After completing the assigned exercise for today, click here to access the prompt for tonight’s reflection and to submit your 1-2 paragraph journal entry.

Background

Try to persuade them, and act even against their will, whenever the principle of justice leads you to do so. But if someone forcefully resists you, change your approach to acceptance and don’t feel hurt, and use the setback to express another virtue. Remember too that your motive was formed with reservation and that you were not aiming at the impossible. At what then? A motive formed with reservation. But you have achieved this; what we proposed to ourselves is actually happening.

– Marcus Aurelius, Meditations 6.50

At first glance, the Stoics’ approach to the good life seems to recommend an attitude of resignation and helplessness in the face of obstacles outside our direct control. In a letter to his friend Lucilius, Seneca anticipates this criticism: “Come now,” he asks, “do I really give you the impression that I advocate a life of inactivity?” (Letter 8). The Stoics were actually among the most activist philosophers in the ancient world. Seneca was deeply involved in the politics of Imperial Rome. Epictetus, who was born a slave, managed to secure his freedom and set up his own school. And Marcus Aurelius of course had significant responsibilities during the almost 20 years of his reign as Roman Emperor. But how do the Stoics justify such civic engagement, given their views on accepting fate and focusing only on whats under our control?

In fact, a closer inspection of the Stoics’ ethical views shows a notable emphasis on the need to effect change in the world, even among things over which we have no control. Their retreat to the internal space of the mind and how we respond to events does not entail a retreat from the external world altogether.

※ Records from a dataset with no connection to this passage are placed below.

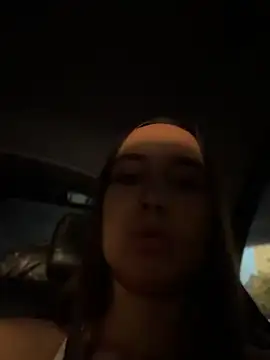 ICrazyOneIRL Show in webcam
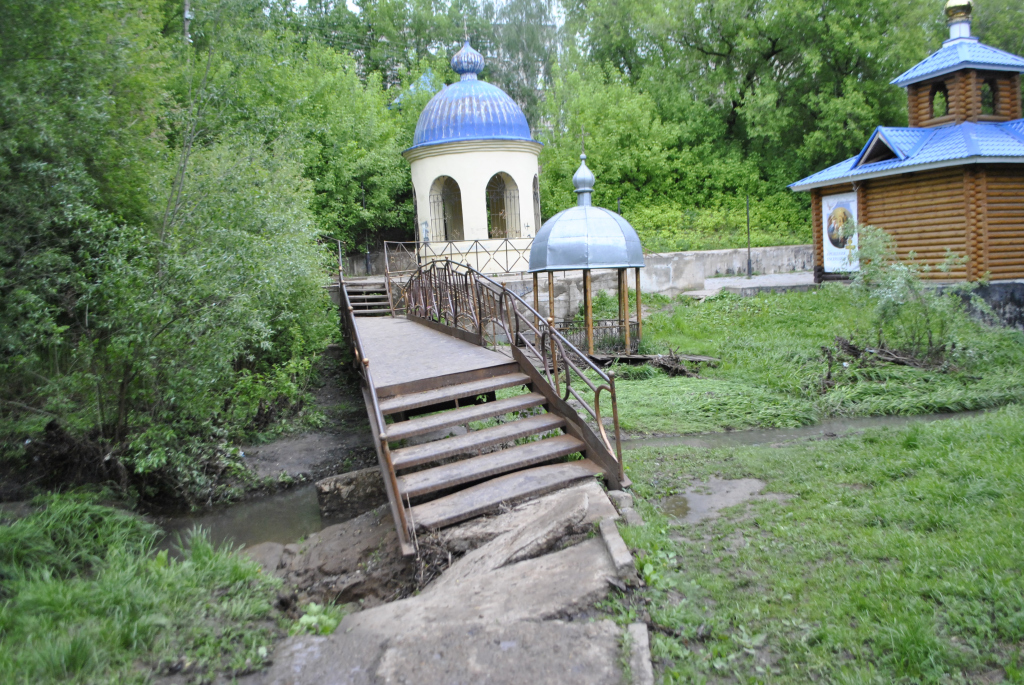 В Новочебоксарске ливни размыли опору моста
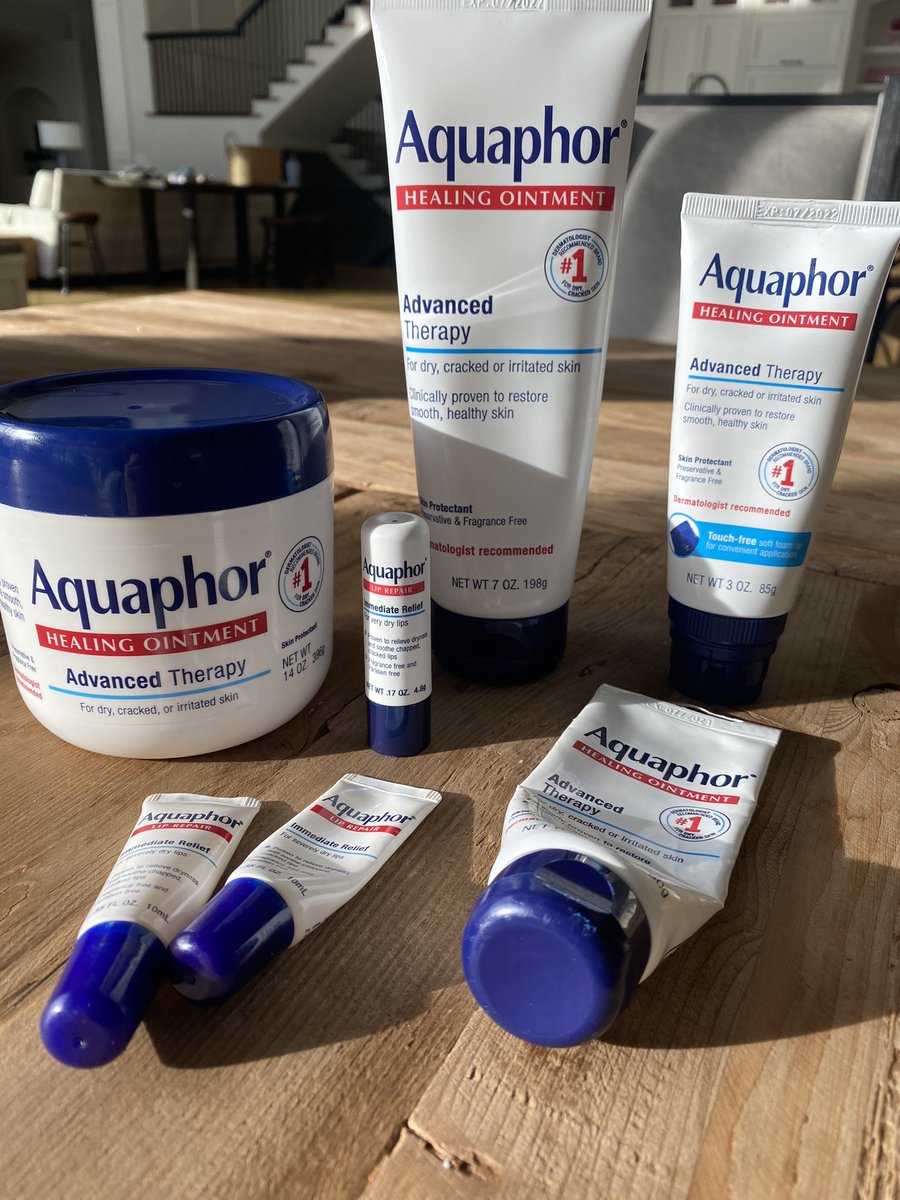 jocelyn84600277's tweet photo. Hey retweet if you like aquaphor #retweet #aquaphor #healingointment #addicted https://t.co/zWiOU9Q3Hw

Focusing on things within our control, particularly our intentions, allows for the development of motives directed at things outside our control—so long as these motives are formed “with reservation,” as the Stoics put it, and the acknowledgement that we don’t ultimately have power over how things turn out.

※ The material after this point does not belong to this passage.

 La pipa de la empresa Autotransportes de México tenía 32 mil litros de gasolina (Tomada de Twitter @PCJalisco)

What the Stoics stand against are attachments to outcomes that provoke unhealthy emotions (like anger or despair) when we fail to achieve a desired result. In the passage above, Marcus says that forming such attachments involves “aiming at the impossible.” When we form a motive with reservation, by contrast, we do so with the understanding that our efforts may not succeed. If our efforts do succeed, we should accept the result graciously. If they do not, we can still carry on.

Today's Exercise

Yesterday you examined the difference between things within your control and things outside your control, and you may have been surprised at how many things fell into the second category. For your exercise today, try out the Stoic technique of “wishing with reservation.” Throughout the day, but especially when you see that achieving something you want lies outside of your control, approach the situation with a “reserve clause” by saying to yourself: “I will achieve this, if nothing prevents it.”

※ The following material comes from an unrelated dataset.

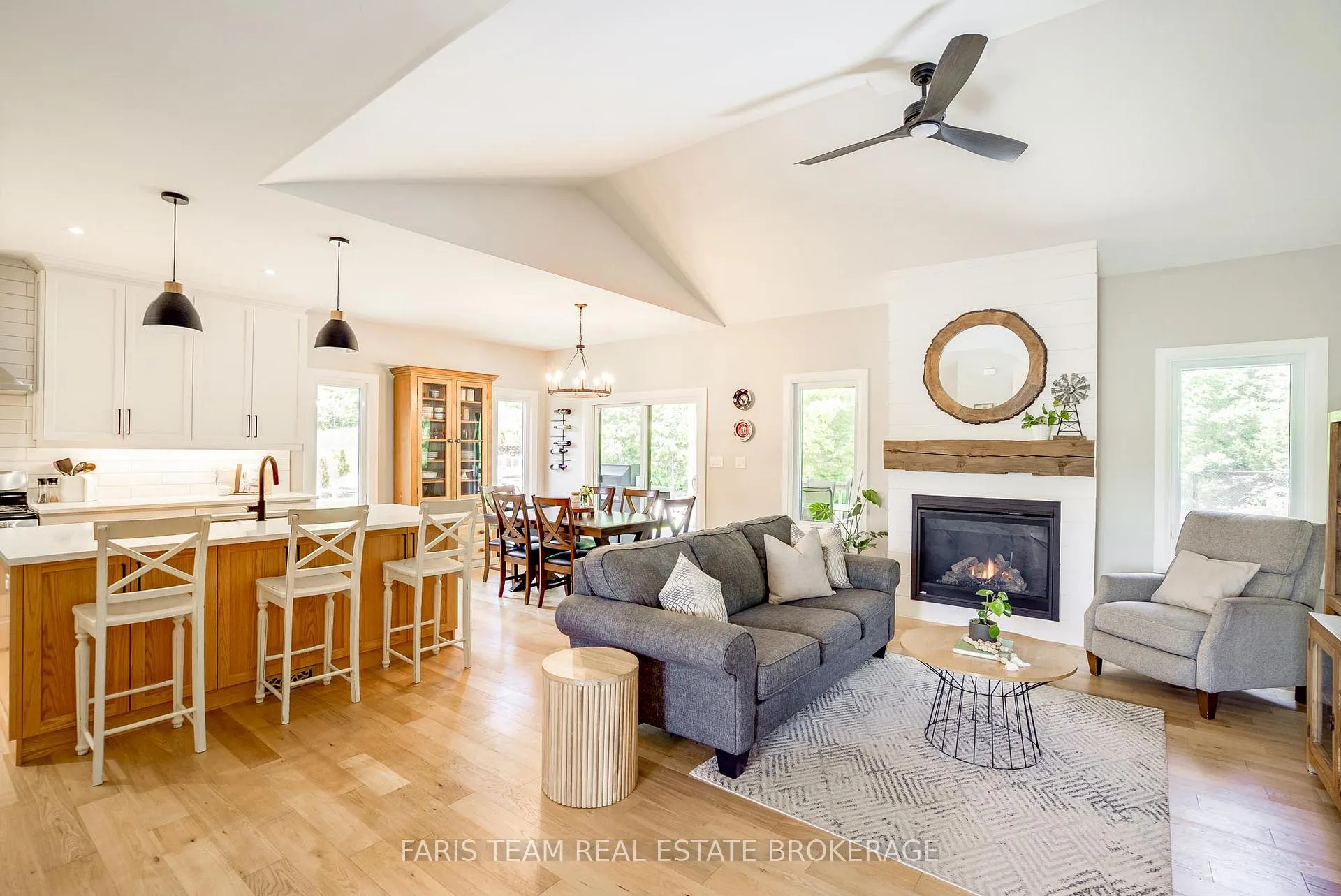 Photo 14 of 44 Bachly Avenue, Oro-Medonte, Moonstone — HOMEH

Consider whether this shift in focus from the outcome of a situation to your expectations changes your view of the obstacles in your path. Consider also whether it changes your view of the outcome itself. Wishing with reservation requires accepting how things are or how they’ve turned out and carrying on with equanimity. It requires knowing how to adapt to a difficult situation, determining what you can still do, and recalibrating your efforts given the circumstances. In the event that you’re prevented from achieving what you wish today, can you “use the setback to express another virtue,” as suggested in the morning quote above?